Debating societies, which prior to the Enlightenment were exclusively male, gained popularity in London in the 1750s. Women in England entered the conversation on Enlightenment ideals by joining the debating societies. Anyone who paid an admission fee would be able to enter and speak. Financial status was a barrier to some in the lower classes, but admission of women into debating societies opened up political and social discourse to a larger portion of society. The societies were the only outlet for lower and middle class individuals to express unorthodox views of the time. The women's only debating societies brought to public notice the burgeoning demand for equal education, equal political rights, and the protection of women's occupations. Women's attendance at debating societies was seen as an incursion on male space and drew considerable criticism. This criticism was a driver for the creation of women's only debating societies.

At the end of 1780, there were four known women-only debating societies: La Belle Assemblee, the Female Parliament, the Carlisle House Debates for Ladies only, and the Female Congress. The topics often dealt with questions of male and female relations, marriage, courtship, and whether women should be allowed to partake in the political culture.

Though women were asked to partake in debating societies, there were stipulations as to which societies they could be a part of and when they were permitted to attend. Women were only allowed to participate when no  alcohol was present. Although women attended and participated in debating societies, they were often accused of not holding valid arguments and acting simply as puppets.

Print
Women were more involved in publishing their writings than previously thought. In order to publish work during most of the Enlightenment, a married woman had to have written consent from her husband. As the Old Regime began to fail, women became more prolific in their publications. Publishers were no longer concerned about a husband's consent, and a more commercial attitude was adopted, publishing books that were going to sell. With the new economic outlook of the Enlightenment, female writers were granted more opportunity in the print sphere.

The opening up of the publishing world made it easier for women to make a living off of the profession.

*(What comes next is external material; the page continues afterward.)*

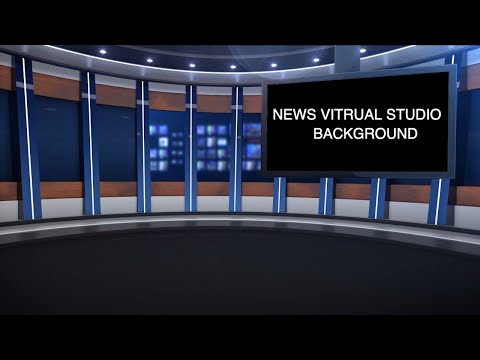 News vitrual background studio |Video-Audio footage HD Free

Writing was an ideal occupation as it was mentally fulfilling, could be done anywhere and was adaptable to life's circumstances. Many women who wrote did not depend on the money and often wrote for charities. Topics they chose often defied the gender roles of the day as there were few boundaries of self-expression.

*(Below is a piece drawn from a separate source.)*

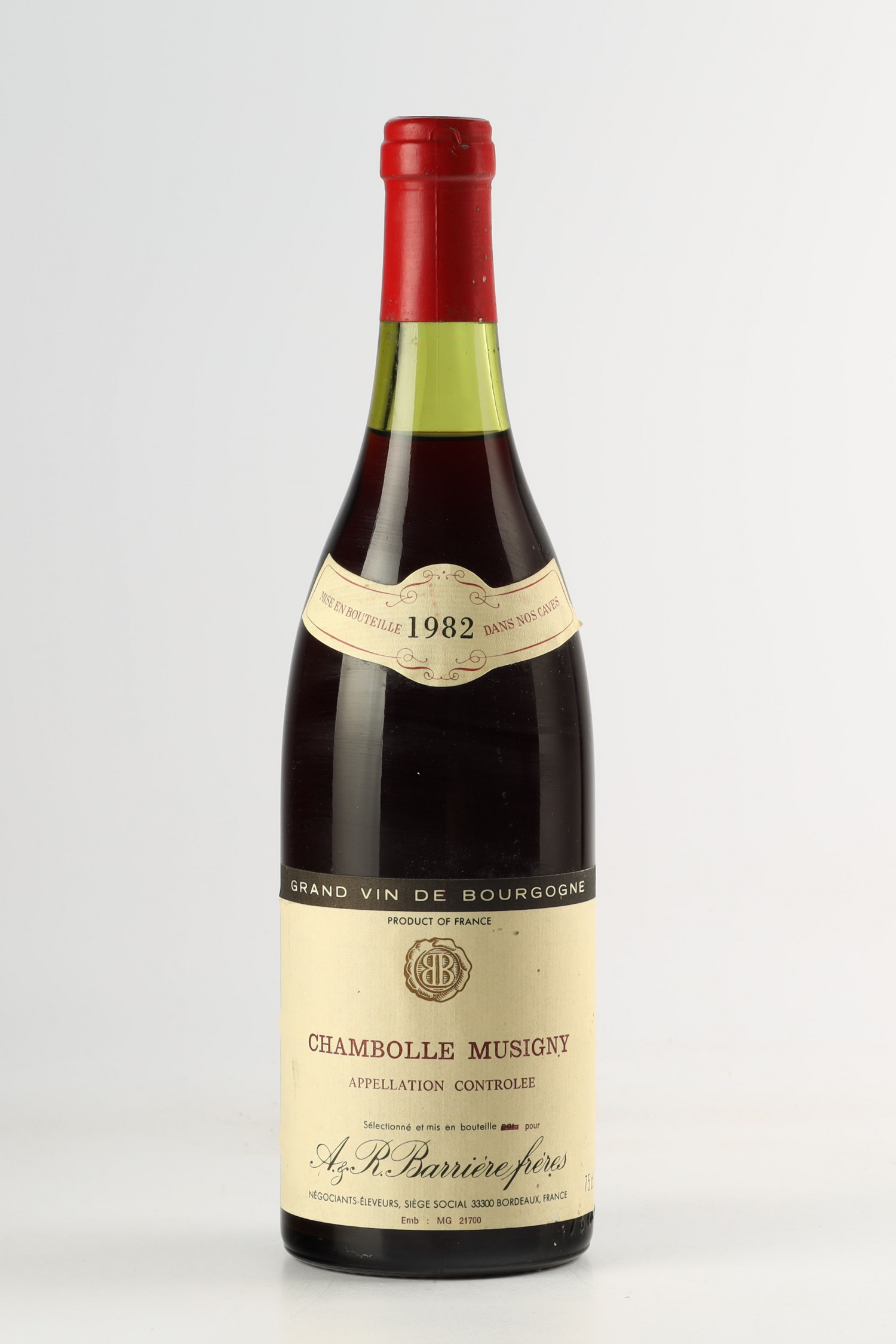 Barriere 1982, Chambolle Musigny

Print culture became far more accessible to women in the 18th century. Through the production of cheap editions and through the expanding amount of books targeted toward a female readership, women were more able to access education. Prior to the 18th century, many women gained knowledge from correspondence with males because books were not as accessible to them. Social circles emerged around printed books. While the reading habits of men revolved around silent study, women used reading as a social activity. Reading books in intimate gatherings became a mode that fostered discourse among women.

Academic competitions 
Some historians, such as Pieretti and John Iverson, say participation of women in academic competitions peaked during the time of King Louis XIV and slowly tapered off. Others, like Robert Darnton, fail to mention them at all. Jeremy Caradonna presents evidence to the contrary, showing that 49 of the over 2000 prize competitions were won by women. This number is a little misleading, however, because many of the women won on more than one occasion. The idea that women only won because the prize competitions were completely anonymous is dispelled by Caradonna as well.

Questions shifted from men-centric interests to questions regarding women's rights and education, encouraging female participation. The Academy of Besançon was one to receive many female entries during the two years the competition was open. One of the members of the Academy released a pamphlet reprimanding misogynist opinions. Though there were many women who participated, only winning a prize competition ensured publication.